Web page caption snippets
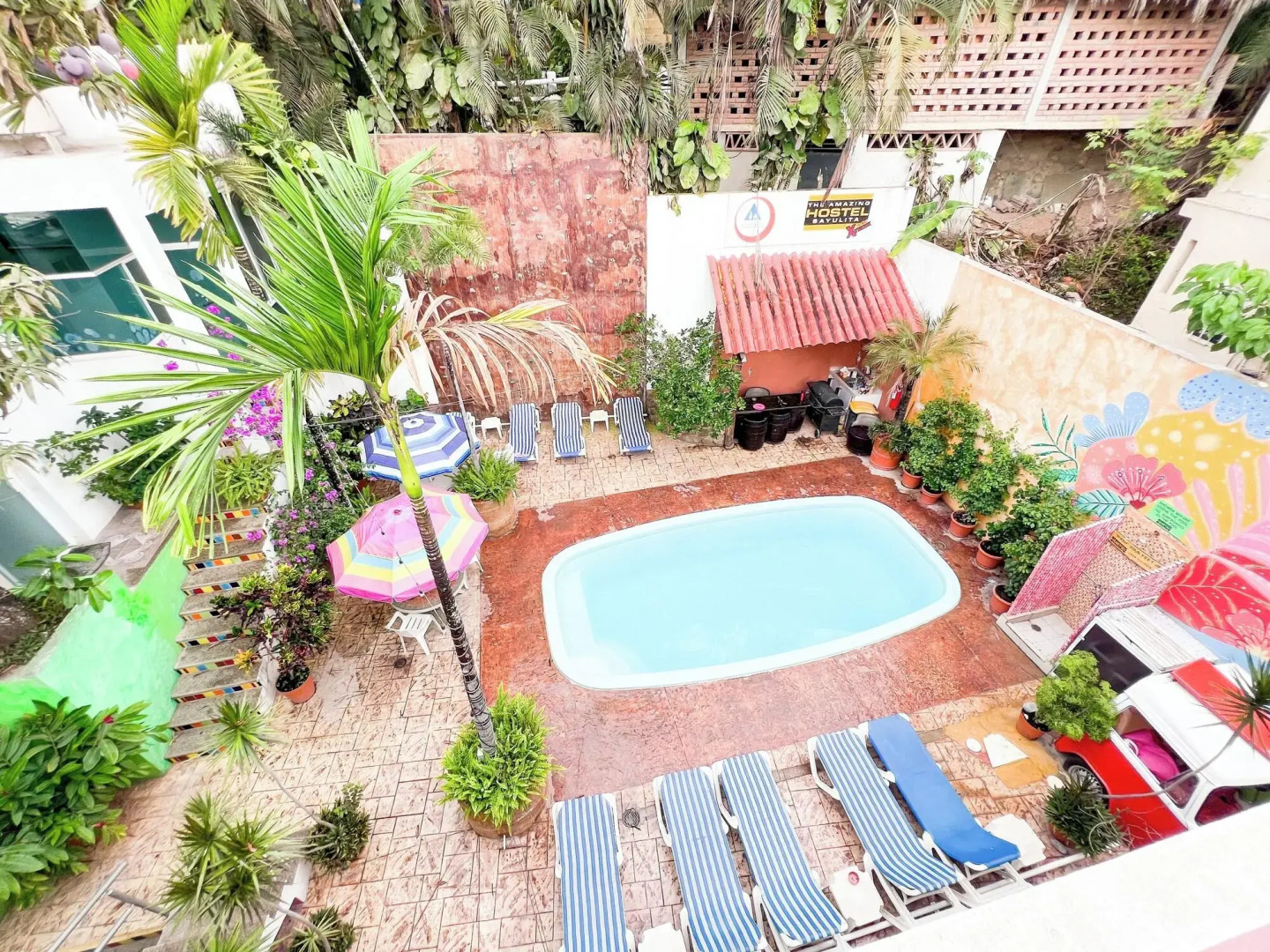 ITH Sayulita Amazing Surf Hostel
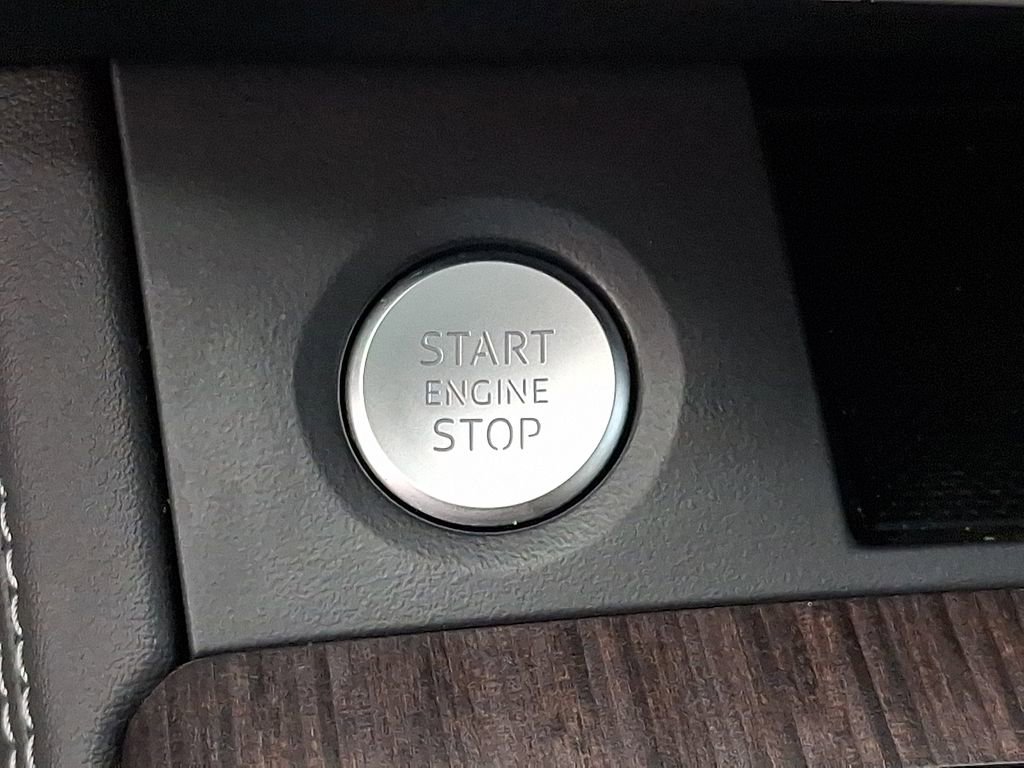 Used 2023 Audi Q5 e Premium Plus w/ Premium Plus Package image 26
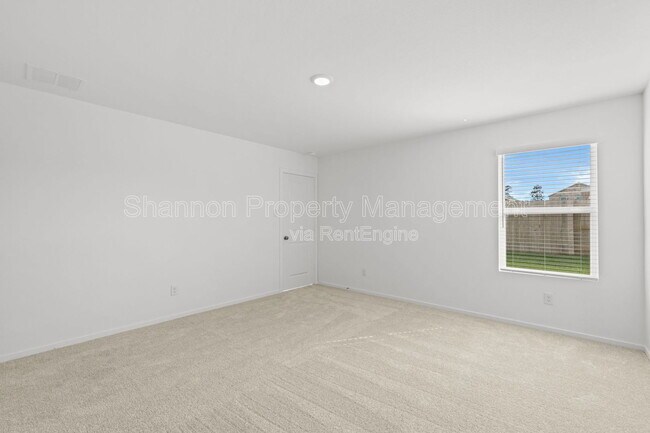 Building Photo - 214 Forest W St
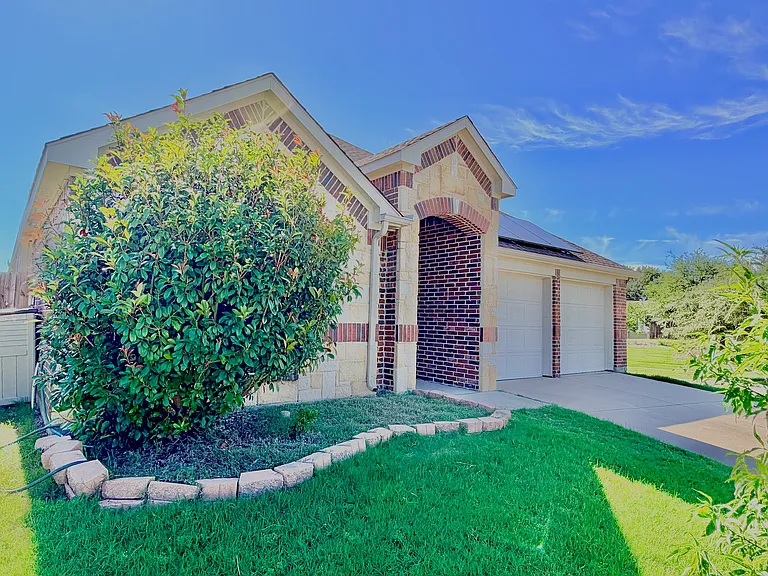 980 Bridle Bit Dr — Photo 2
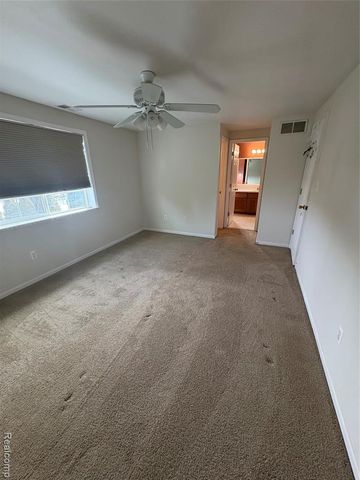 860 Eagle Heights Drive, South Lyon, MI 48178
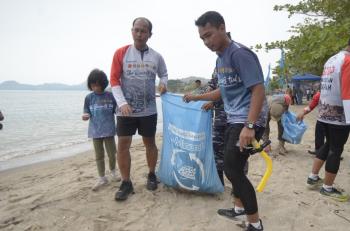 Didukung Le Minerale dan TNI, â€˜The Rising Tideâ€™ Tiba di Lampung Selatan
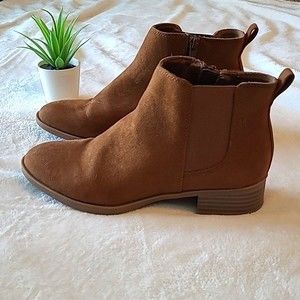 Brown Suede Zip Up Ankle Boots womens size 7 excellent condition all seasons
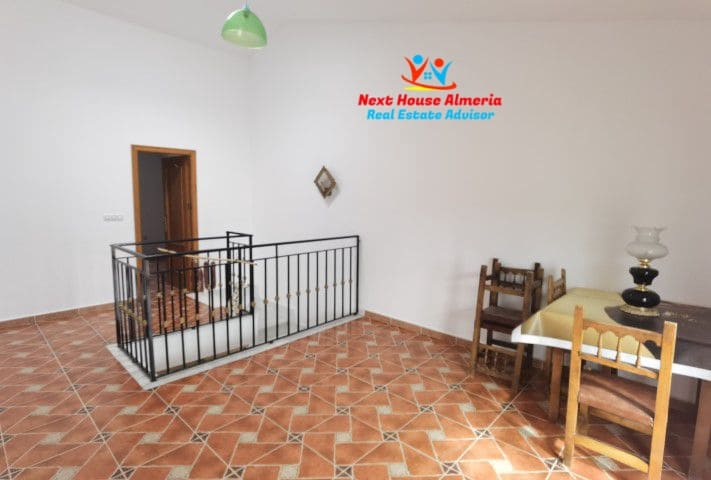 8 slaapkamer Finca/Landhuis te koop in Albox met garage - € 299.000 (Ref: 7856048)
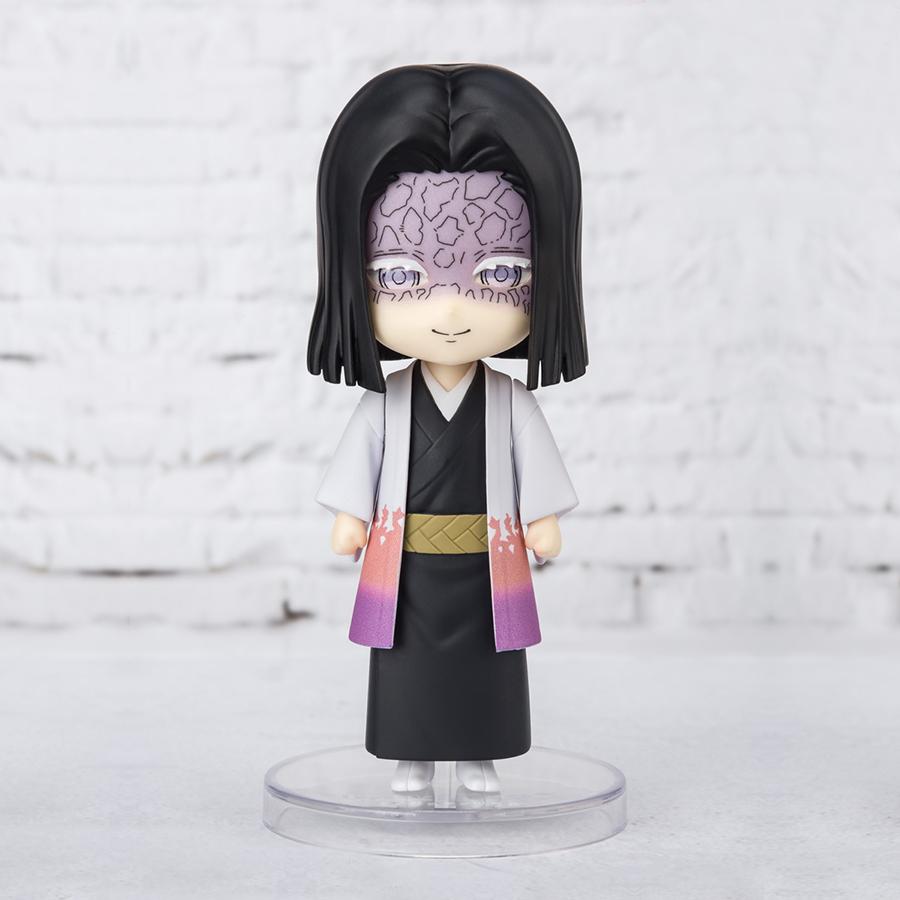 Vue 3/4 à mi-distance de la figurine Figuarts Mini de Kagaya Ubuyashiki de Demon Slayer: Kimetsu no Yaiba en kimono noir et manteau blanc.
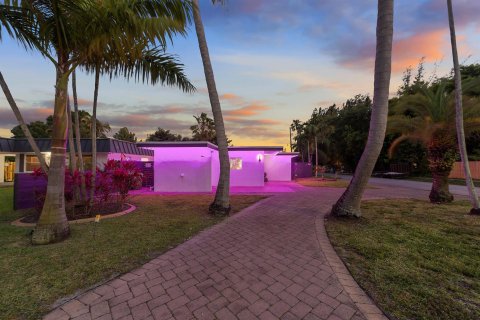Casa en venta en Wilton Manors, Florida, 3 dormitorios, 171.96 m2 № 2084474 - foto 23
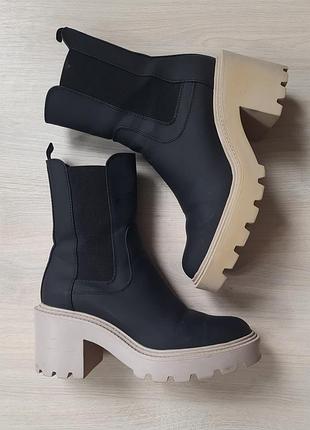 Ботинки женские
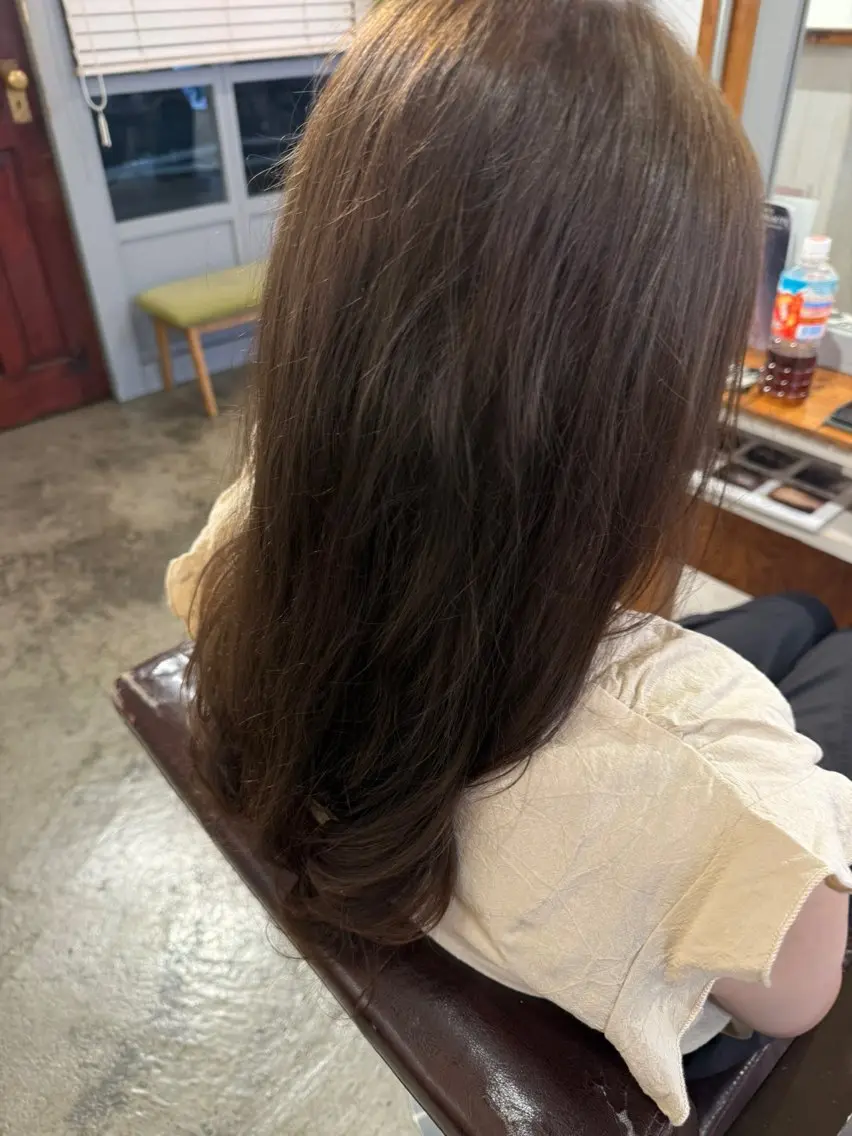 セミロング カラー パーマ アッシュ 透明感カラー ヘアカラー 青木 順のヘアスタイル
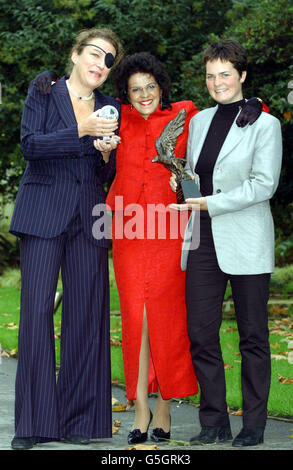 Pam Warren, a survivor of the Paddington train crash in October 1999, from Reading (C) alongside award winners Marie Colvin the Sunday Times correspondent (L) and professional yachtswoman Ellen MacArthur, during the 'Women of the year Lunch 2001'. * at the Savoy Hotel in London. Stock Photo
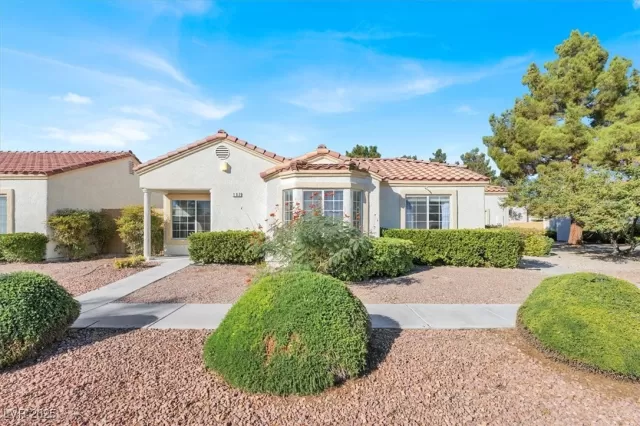 MLS: 2730475 Condo For Sale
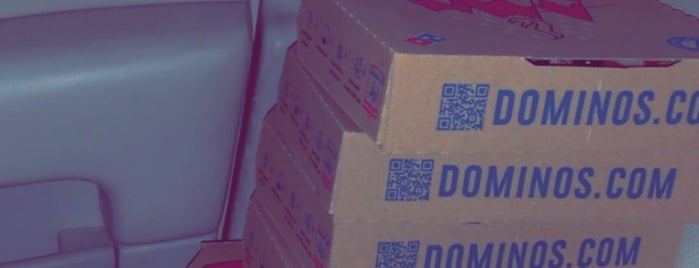 Domino's Pizza is one of สถานที่ที่ gigi ถูกใจ.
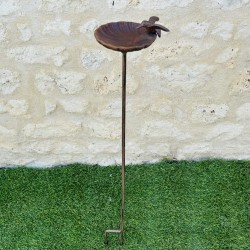 Bain d'oiseaux sur pic en fonte couleur rouille 100 cm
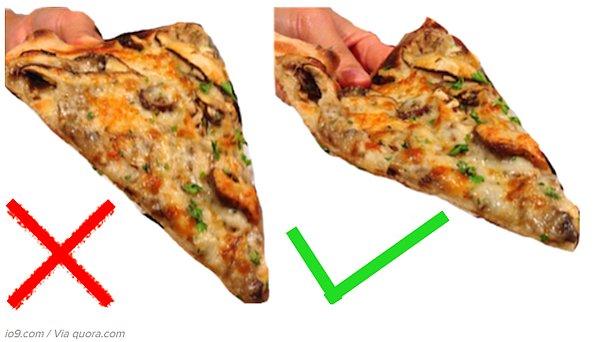 13. İşaret ve serçe parmağımızla destekleyerek pizza sarkmalarını önlüyor ve afiyetle tüketiyoruz.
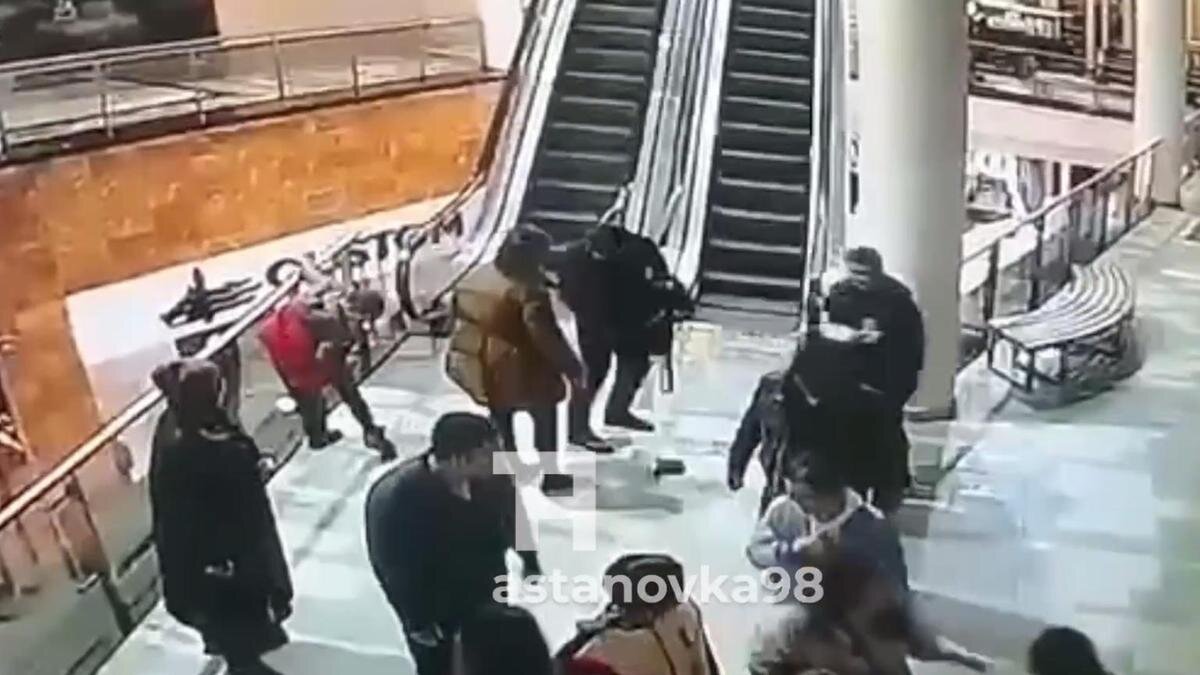    Эскалатор резко спустился в ТРЦ:t.me/astanovka98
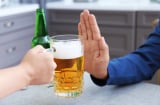 Uống 1 ly rượu 1 cốc bia sẽ không bị thổi phạt nồng độ cồn đúng không?
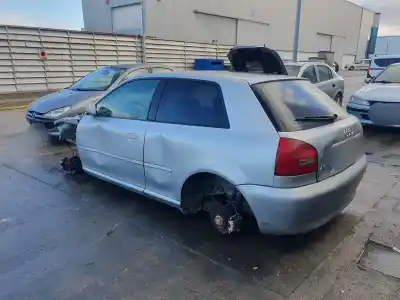 Veicolo di demolizione AUDI A3 (8P) 1.6 102 CV / 75 KW dell'anno 1996 alimentato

EXERCISE DESCRIPTION:
Output exactly, and only, the lines running from the line containing "13. İşaret ve" to the last line of the entries above, omitting the pictures.

TASK OUTPUT:
 13. İşaret ve serçe parmağımızla destekleyerek pizza sarkmalarını önlüyor ve afiyetle tüketiyoruz.
    Эскалатор резко спустился в ТРЦ:t.me/astanovka98
 Uống 1 ly rượu 1 cốc bia sẽ không bị thổi phạt nồng độ cồn đúng không?
 Veicolo di demolizione AUDI A3 (8P) 1.6 102 CV / 75 KW dell'anno 1996 alimentato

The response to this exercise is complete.